Adjoining landowners enter into easement agreements to allow the grantee to use some portion of the grantor’s property for the benefit of the grantee’s property.  A good easement agreement will provide a legal description of the grantor’s property (what I usually define as the “Grantor Tract”), the grantee’s property (I usually call it the “Grantee Tract”), and the portion of the Grantor Tract that is subject to the easement (the location of the driveway, utility line, or other use).

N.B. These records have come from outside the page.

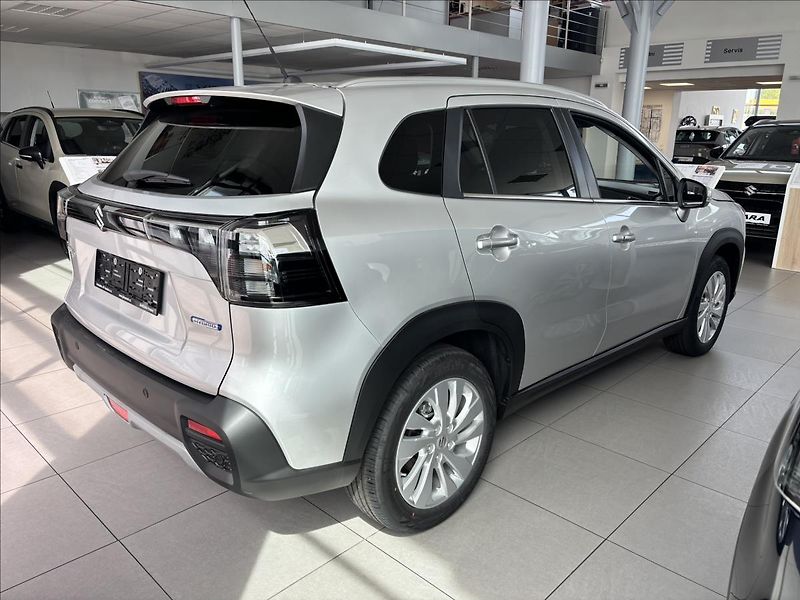 Suzuki S-Cross (2026) 1,4 Allgrip  Premium - fotka 3 z 11
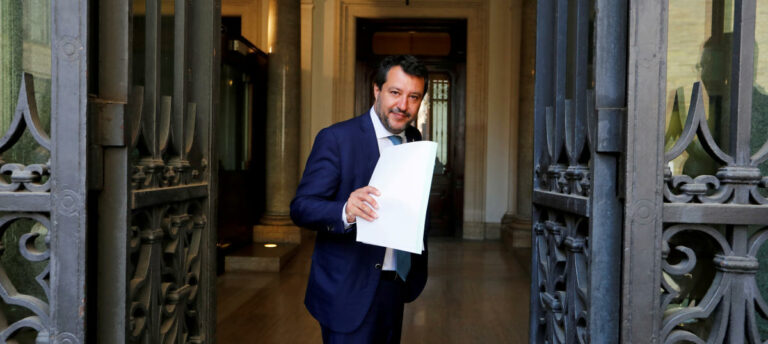 Open Arms: El Senado italiano da luz verde al proceso que juzgará a Salvini por retrasar el desembarco de los inmigrantes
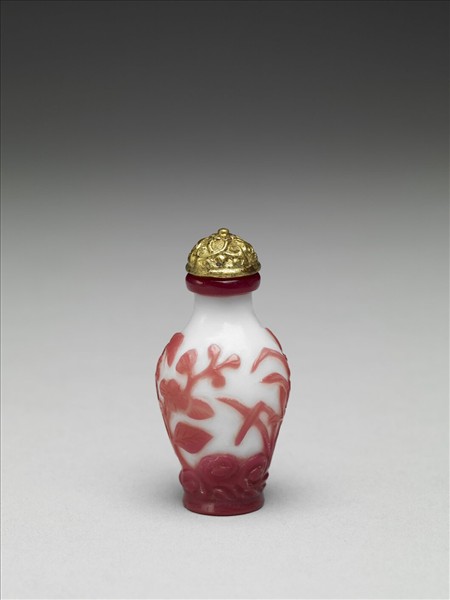 白套紅玻璃花蝶鼻煙壺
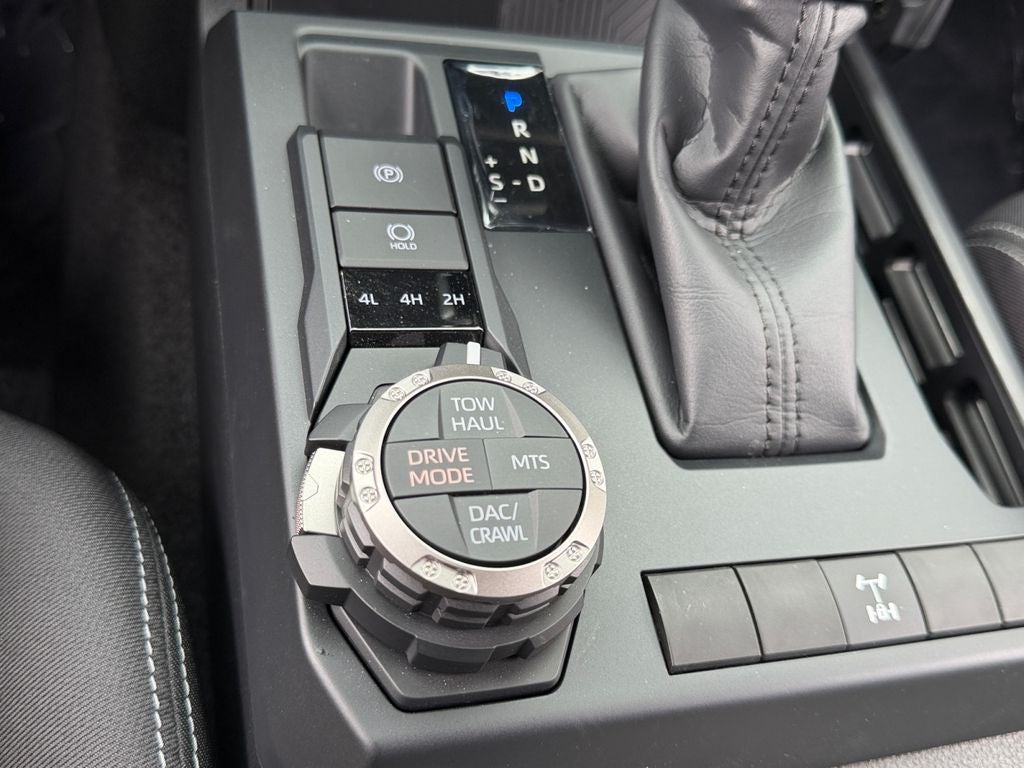 2025 Toyota Tacoma Hybrid TRD Off Road W/ SUNROOF & JBL SOUND!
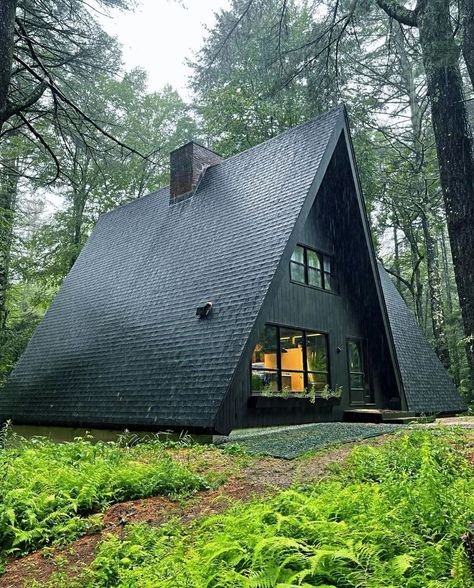 A Frame House - Black A-frame 🏠😍 Black A Frame House Exterior, Black A Frame House, Black A Frame, Frame Cabins, Attic Office, Triangle House, A Frame Cabins, A Frame House Plans, Forest Cabin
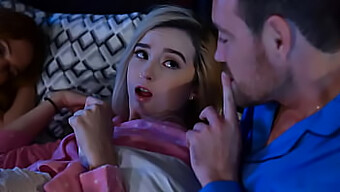 La Linda Adolescente Lexi Lore Tiene Su Coño Apretado Estirado Por Su Padrastro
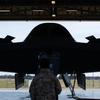 США подняли в небо одновременно 40% флота ядерных бомбардировщиков B-2 Spirit стоимостью более $2 млрд
США подняли в небо одновременно 40% флота ядерных бомбардировщиков B-2 Spirit стоимостью более $2 млрд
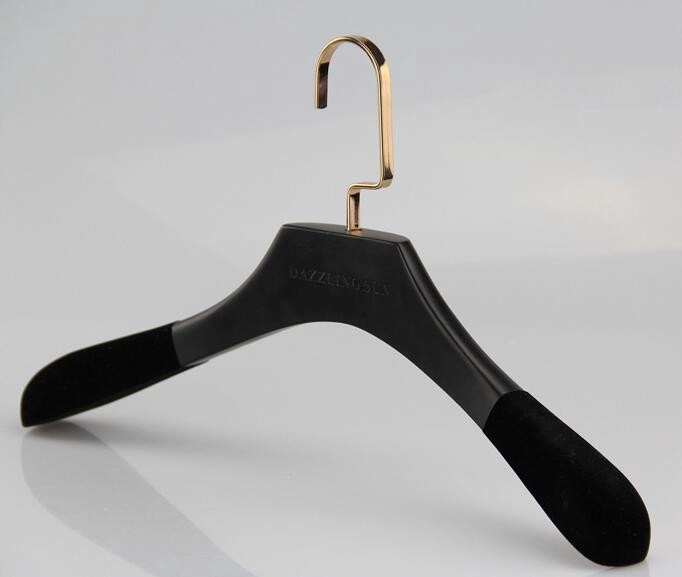 Congratulations yuntong hanger factory will attend the Paris and Las Vegas Exhibition on Feb in 2019 Congratulations yuntong hanger factory will attend the Paris and Las Vegas Exhibition on Feb in 2019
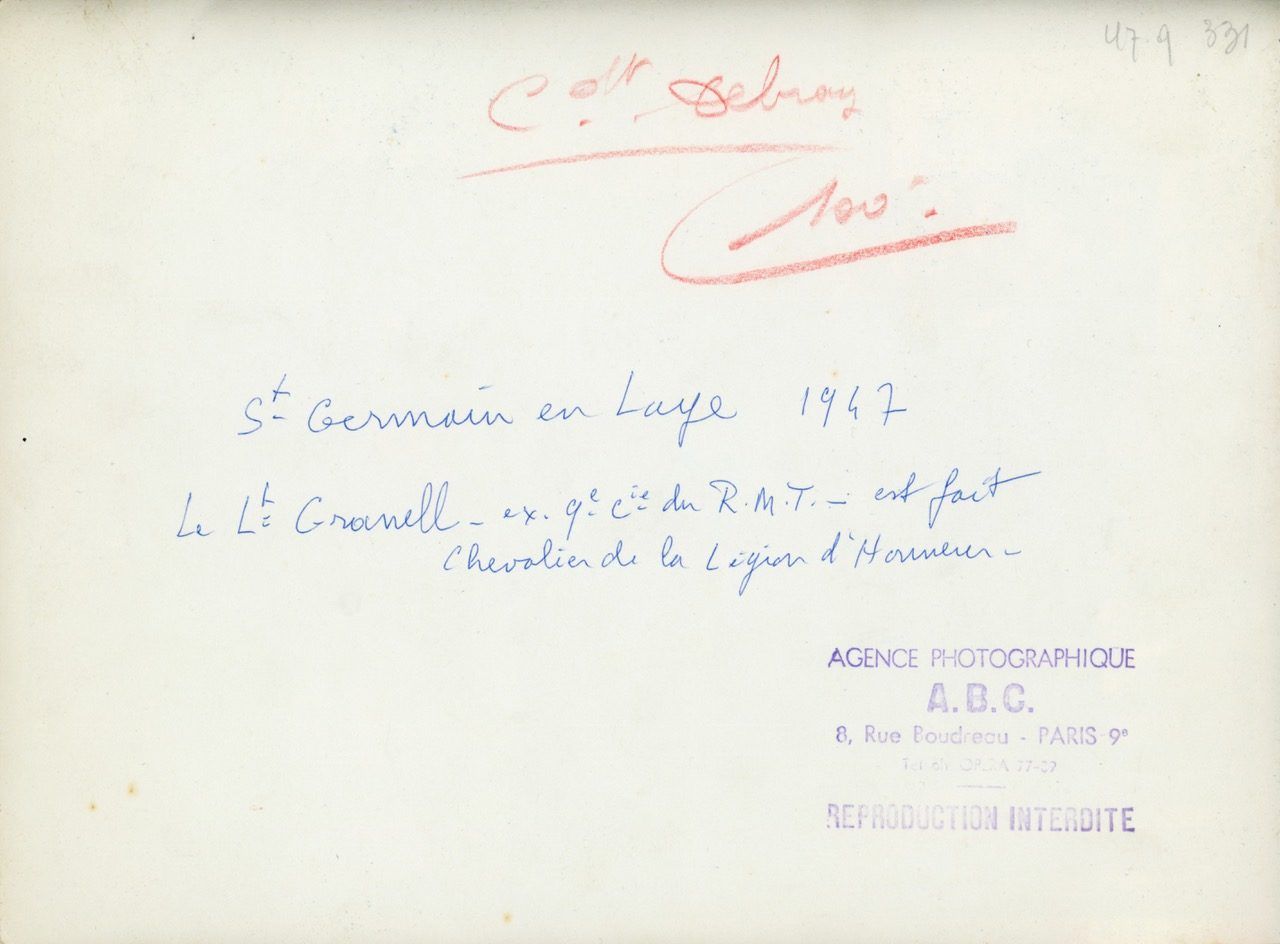 Inscription au dos de la photo Légion d'honneur 1947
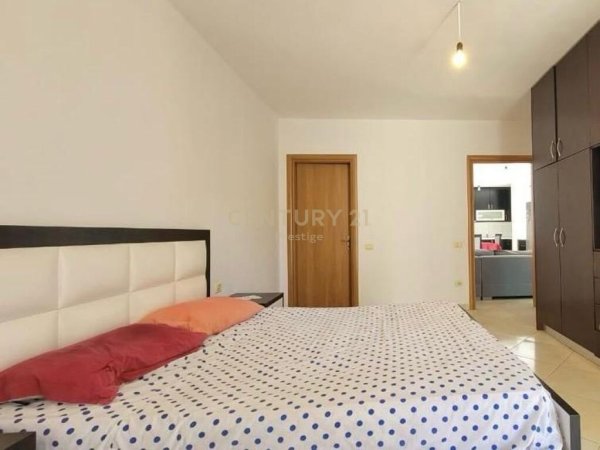 APARTAMENT 2+1 ME QIRA, PRANE ELEONORES, KODRA E DIELLIT!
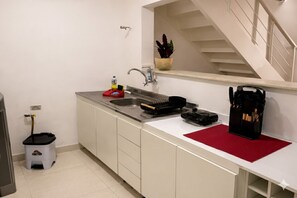 Private kitchen - Apartment just minutes from Copacabana Beach. (Rio de Janeiro)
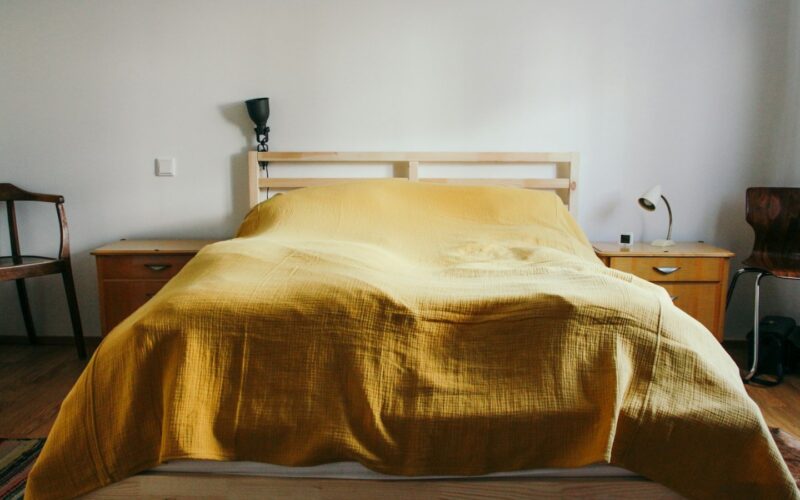 West Elm’s Mid-Century Bed Isn’t All Solid Wood, and the Queen Price Isn’t Confirmed on West Elm’s Own Site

Many old easement agreements state that the grantor is granting an access easement across a portion of the grantor’s property to the grantee “for access to the adjacent lands owned by the grantee.”  A century later the reader knows where the easement is, but not what land it benefits, at least not without digging into old land records to figure out what land the grantee owned in 1920.  Lawyers who don’t include a legal description of the grantee’s property in their easement agreements of today are creating problems for the real estate lawyers of 2120.

The case of the absent comma: Error Five in drafting easements

One common drafting error in easement agreements and other contracts is that the drafter doesn’t use exact language to describe what the contract allows, requires, or prohibits.  The grantee of a view easement is commonly paying for the right to prevent the grantor from building structures or allowing trees to grow in a certain area or above a certain height.  A 2018 case from Nantucket, Massachusetts, MacLean v. Conservation Commission of Nantucket, No. 17-P-746, Memorandum and Order (Mass. App. 2018) demonstrates what happens when the drafter squeezes too many concepts into not enough words.  Did the easement agreement prohibit all structures, or only tall structures?  A missing comma made the difference.

The plaintiff held a view easement over adjoining land on Nantucket Island.  The defendant’s property was subject to “a permanent and non-exclusive view easement which prohibits any and all structures and/or vegetation with a height greater than eight (8’) feet from existing grade upon and over said Lot,” for the benefit of the plaintiff’s property.  The defendant built a deck and a staircase to the beach, both less than eight feet high.  The plaintiff sued to force the defendant to remove the deck and staircase.

Both parties argued that the easement language was unambiguous, but they read it differently.  The plaintiff said that the clause unambiguously prohibited construction of any and all structures, but vegetation could be up to eight feet high.  The defendant said that the clause unambiguously allowed the defendant to have both structures and vegetation if they were less than eight feet high.

The trial court took the defendant’s view and held that the easement did not prohibit structures that were shorter than eight feet.  The court said that the eight-foot limit unambiguously applied to both structures and vegetation, which meant that structures and vegetation were both allowed.  The plaintiffs (the easement holders) appealed.

The court of appeals reversed the trial court and found the language to be ambiguous.  In the court’s words, “the absence of a comma after the word ‘structures’ combined with the use of the term ‘and/or’ makes it unclear whether the eight-foot height restriction applies only to vegetation or to structures as well.”

That was an expensive missing comma.

Did the drafter intend to allow short structures?  The drafter could have written the clause this way:

* * * a permanent and non-exclusive view easement which prohibits any structures and vegetation from exceeding eight (8) feet in height above existing grade upon and over said Lot.

By contrast, if the drafter had wanted to prohibit all structures, but to allow vegetation up to eight feet high, the drafter could have written:

* * * a permanent and non-exclusive view easement which prohibits:

            (a)        any and all structures upon and over said Lot, and

            (b)        any vegetation with a height greater than eight (8’) feet from existing grade upon and over said Lot.

Don’t be bashful about using numbered and bulleted lists in your easement agreements to make it clear to the reader what you mean. The court of appeals is an expensive proofreader of your work.

How to Misdraft an Easement Agreement: Error Six

Last year I wrote a book on how to draft easement agreements, giving practical advice to lawyers. I had the most fun with the next-to-last chapter, which I called “Ten Ways to Misdraft Your Easement Agreement,” where I described ten ways for drafters to mess up their agreements. The sixth error I wrote about is to not set standards for roads and utilities. If you are granting an easement to allow your neighbor to build a driveway and connect utilities through your property, describe how much driveway you’re allowing. Even if the easement area will be 30 feet wide, you may not expect your neighbor to build a driveway that looks like a public street, with curbs and a sidewalk. You can and should say something like “Within the Easement Area, Grantee may construct a paved driveway up to X feet wide” so that you’re allowing a driveway, not a highway.